§ EXERCISE INPUTS
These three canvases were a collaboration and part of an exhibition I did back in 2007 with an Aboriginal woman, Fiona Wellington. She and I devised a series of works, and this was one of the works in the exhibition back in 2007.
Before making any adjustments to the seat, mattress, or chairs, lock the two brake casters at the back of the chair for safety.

...

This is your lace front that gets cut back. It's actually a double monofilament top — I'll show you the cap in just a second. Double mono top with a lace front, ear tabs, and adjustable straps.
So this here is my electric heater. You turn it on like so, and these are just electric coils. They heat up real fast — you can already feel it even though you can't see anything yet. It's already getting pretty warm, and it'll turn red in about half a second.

==

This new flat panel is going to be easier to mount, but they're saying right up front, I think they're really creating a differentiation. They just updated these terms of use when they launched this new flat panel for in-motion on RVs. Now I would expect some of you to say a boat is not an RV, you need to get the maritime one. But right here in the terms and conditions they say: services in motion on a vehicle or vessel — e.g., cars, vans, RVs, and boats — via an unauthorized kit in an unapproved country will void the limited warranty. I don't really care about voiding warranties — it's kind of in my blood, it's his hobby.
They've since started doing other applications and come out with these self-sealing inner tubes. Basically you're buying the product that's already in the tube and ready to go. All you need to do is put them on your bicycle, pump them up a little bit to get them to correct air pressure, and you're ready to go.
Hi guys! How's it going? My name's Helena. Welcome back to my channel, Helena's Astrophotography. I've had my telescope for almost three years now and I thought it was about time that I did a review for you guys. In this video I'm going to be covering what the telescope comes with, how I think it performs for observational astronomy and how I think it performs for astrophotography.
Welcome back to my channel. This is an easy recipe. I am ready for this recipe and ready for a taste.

§ INSTRUCTIONS TO FOLLOW
Each line in the listing above that includes "three" is to be copied.

§ ANSWER AREA
These three canvases were a collaboration and part of an exhibition I did back in 2007 with an Aboriginal woman, Fiona Wellington. She and I devised a series of works, and this was one of the works in the exhibition back in 2007.
Hi guys! How's it going? My name's Helena. Welcome back to my channel, Helena's Astrophotography. I've had my telescope for almost three years now and I thought it was about time that I did a review for you guys. In this video I'm going to be covering what the telescope comes with, how I think it performs for observational astronomy and how I think it performs for astrophotography.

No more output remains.